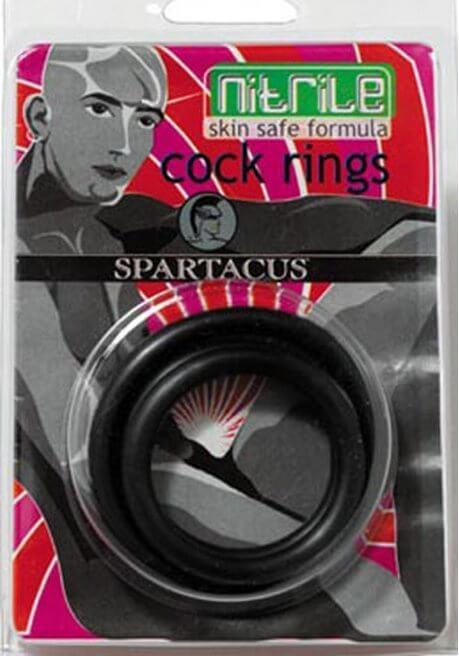 Immagine prodotto Spartacus Set di cockring nero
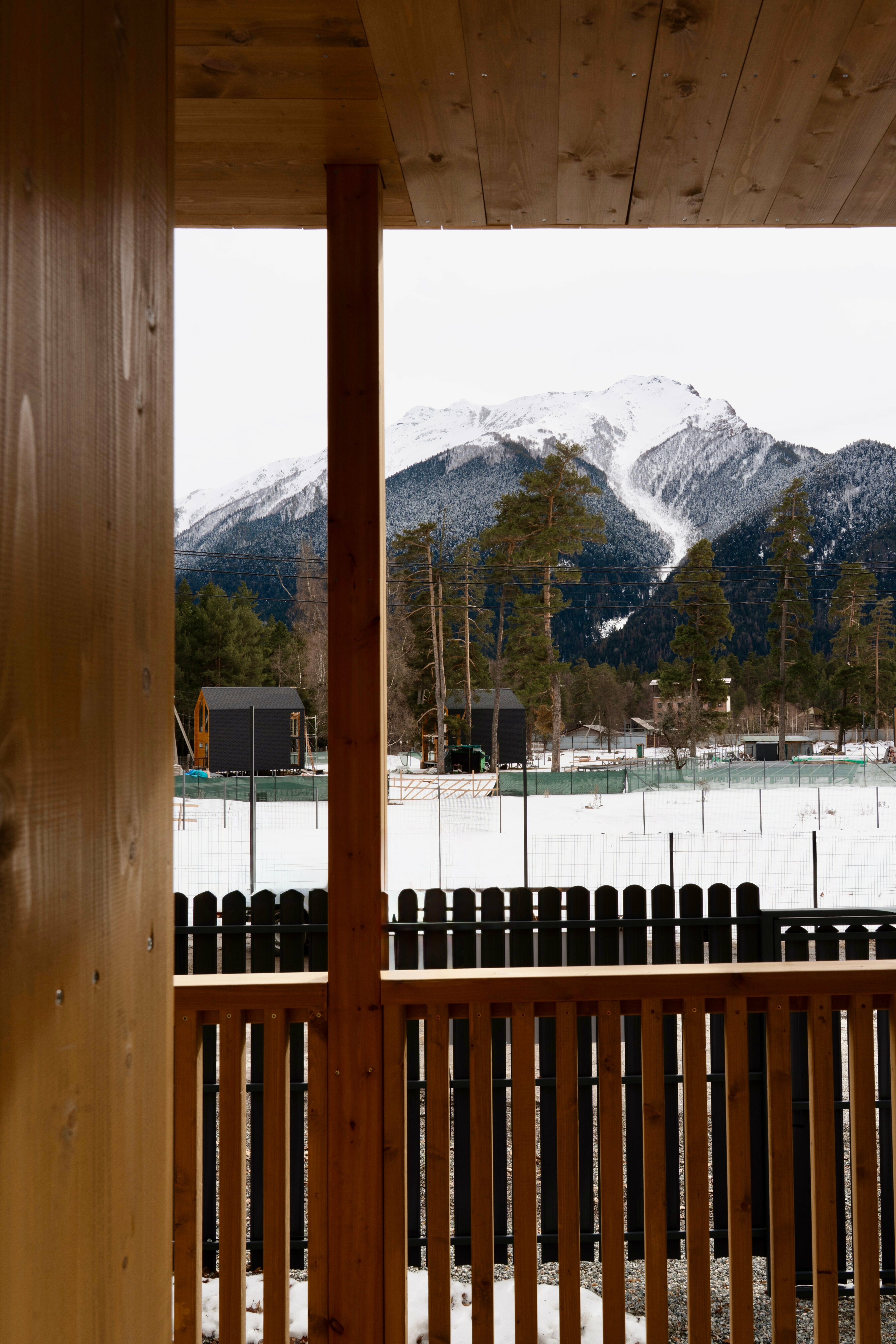 Коттедж с видом на горы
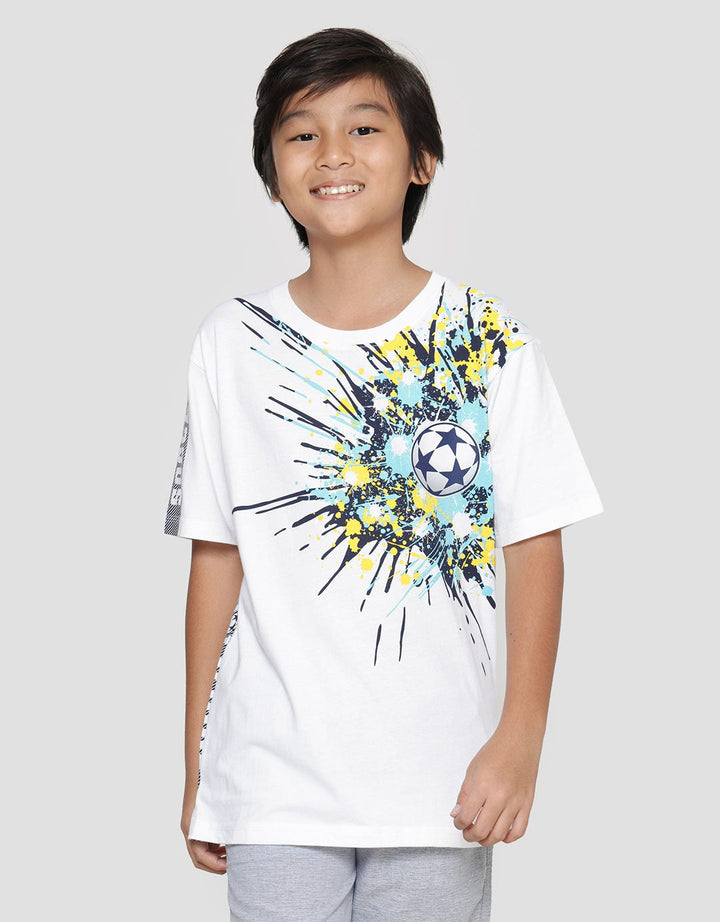 Aero Splash Soccer Print Kaos Lengan Pendek Anak Laki-laki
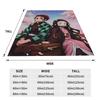 Slayers Tanjiro And Nezuko Blanket Multiple Sizes Soft and Lightweight Japanese Anime Throw Blankets for Couch Sofa and Bed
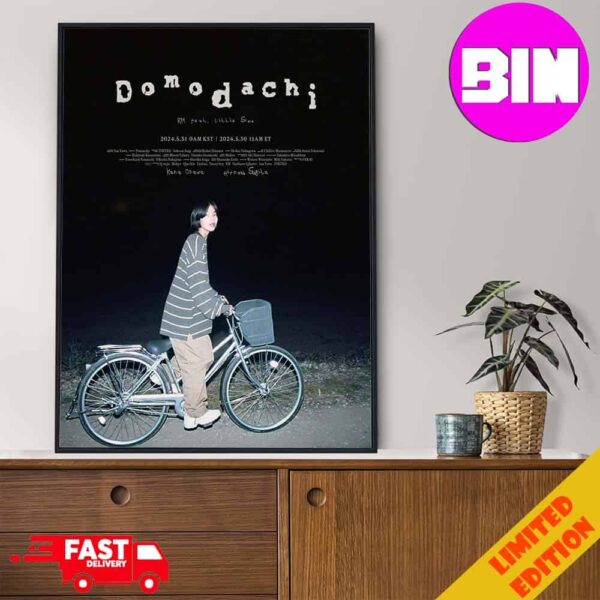 RM Release The New Music Video For Domodachi ft Little Simz In 2024 Home Decor Poster Canvas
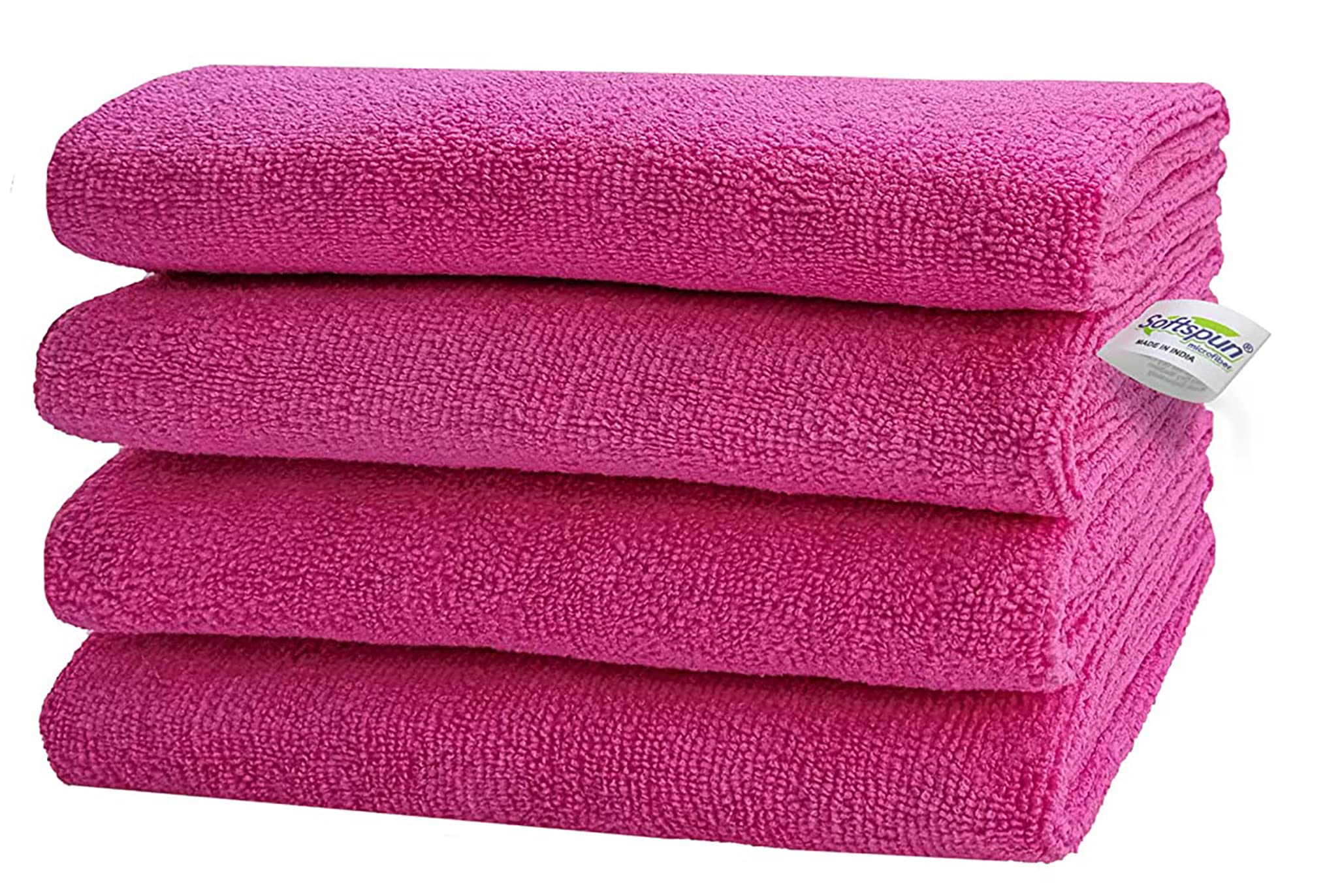 SOFTSPUN Microfiber Cleaning Cloths, 4pcs 30x30cms 340GSM Pink! Highly Absorbent, Lint and Streak Free, Multi -Purpose Wash Cloth for Kitchen, Car, Window, Stainless Steel, silverware. (B07GC1PFMZ) Amazon Price History, Amazon Price Tracker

::::::::::

Work task |
Once the pictures are set aside, please output all the data word for word.

Answer box |
 Immagine prodotto Spartacus Set di cockring nero
 Коттедж с видом на горы
 Aero Splash Soccer Print Kaos Lengan Pendek Anak Laki-laki
 Slayers Tanjiro And Nezuko Blanket Multiple Sizes Soft and Lightweight Japanese Anime Throw Blankets for Couch Sofa and Bed
 RM Release The New Music Video For Domodachi ft Little Simz In 2024 Home Decor Poster Canvas
 SOFTSPUN Microfiber Cleaning Cloths, 4pcs 30x30cms 340GSM Pink! Highly Absorbent, Lint and Streak Free, Multi -Purpose Wash Cloth for Kitchen, Car, Window, Stainless Steel, silverware. (B07GC1PFMZ) Amazon Price History, Amazon Price Tracker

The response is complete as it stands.